▸ **GIVEN ENTRIES**

━━━━━━

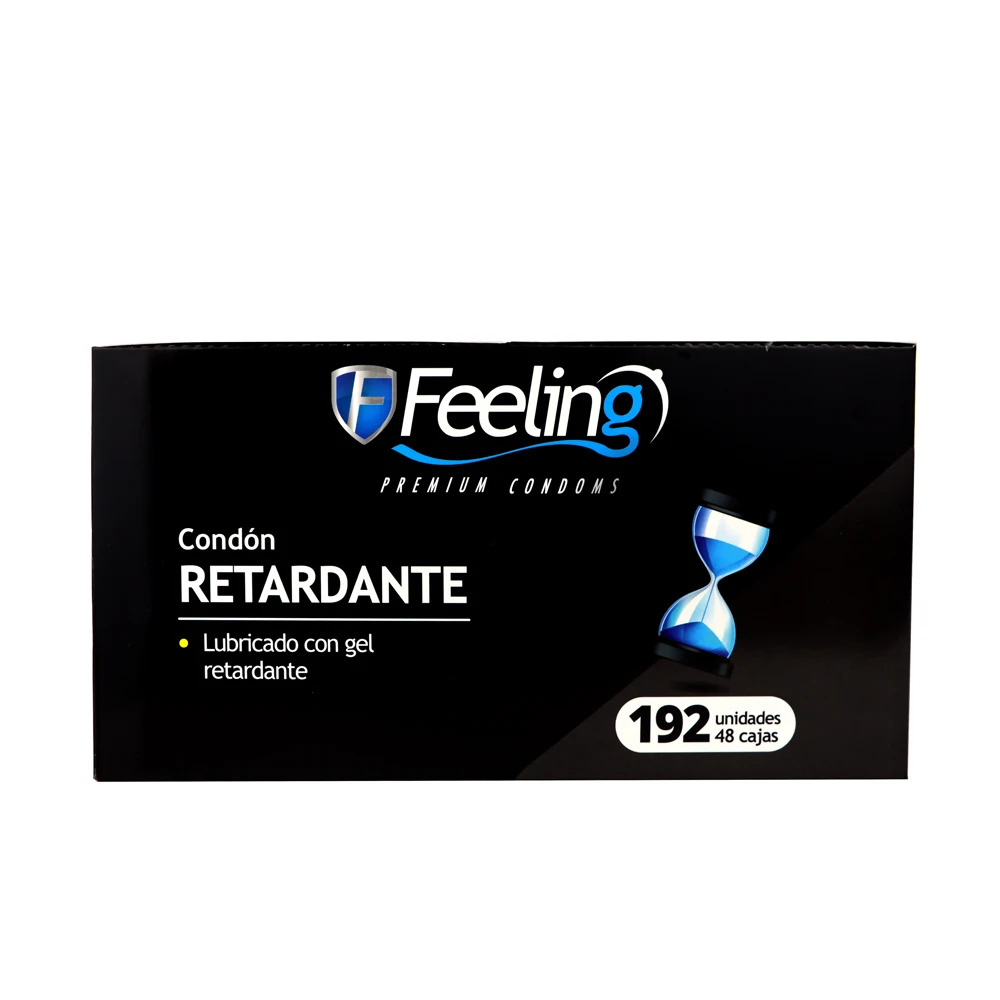 Fine package bulk  Fancy Condoms Manforce  Different Kinds Of Condom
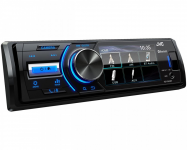 JVC DSJVCRKDX560BT1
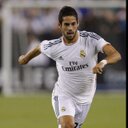 Anthony Caballero - @ACaballero1225 - Twitter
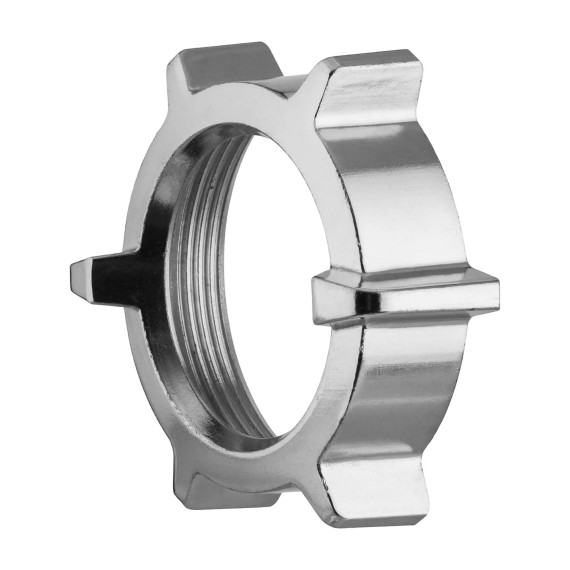 ხორცსაკეპი მანქანა ARDESTO MGA-2300J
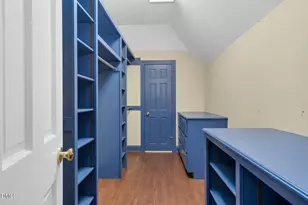 328 Iron Horse Rd, Rocky Mount, NC 27804 - Photo 39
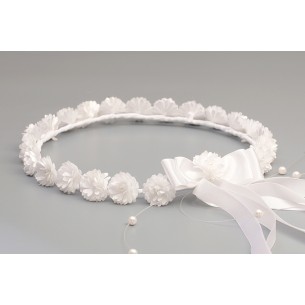 copy of Wreath 021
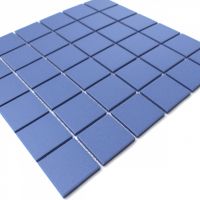 Товар: Мозаика Caramelle mosaic L Universo Abisso blu 30,6x30,6 см - фото 2 Мозаика Caramelle mosaic L Universo Abisso blu 30,6x30,6 см — фото 2, Мозаика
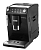 Фото товара: DeLonghi ETAM29.510.B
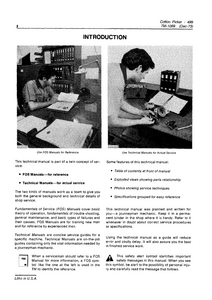 John Deere 499 manual pdf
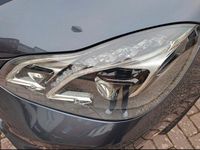 Gebraucht Mercedes E220 170 PS (125 kW) 2014 Grau Kombi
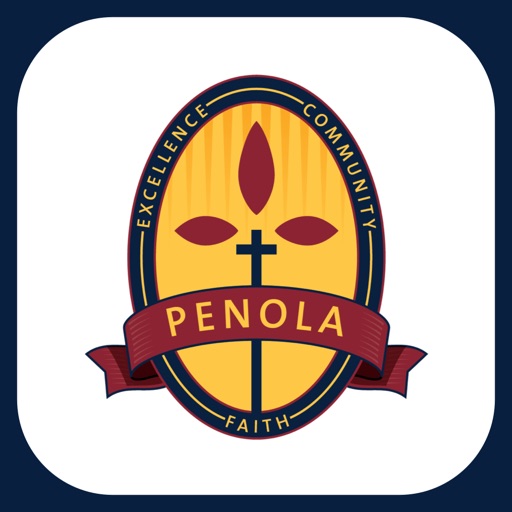 Penola Catholic College Download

━━━━━━

▸ **HOW TO COMPLETE THIS TASK**
Reproduce word for word, with pictures dropped, only the part of the material above that opens with the line containing "ხორცსაკეპი მანქანა ARDESTO MGA-2300J" and closes with the line containing "Фото товара: DeLonghi ETAM29.510.B".

▸ **ANSWER FOR THE TASK**
 ხორცსაკეპი მანქანა ARDESTO MGA-2300J
 328 Iron Horse Rd, Rocky Mount, NC 27804 - Photo 39
 copy of Wreath 021
 Товар: Мозаика Caramelle mosaic L Universo Abisso blu 30,6x30,6 см - фото 2 Мозаика Caramelle mosaic L Universo Abisso blu 30,6x30,6 см — фото 2, Мозаика
 Фото товара: DeLonghi ETAM29.510.B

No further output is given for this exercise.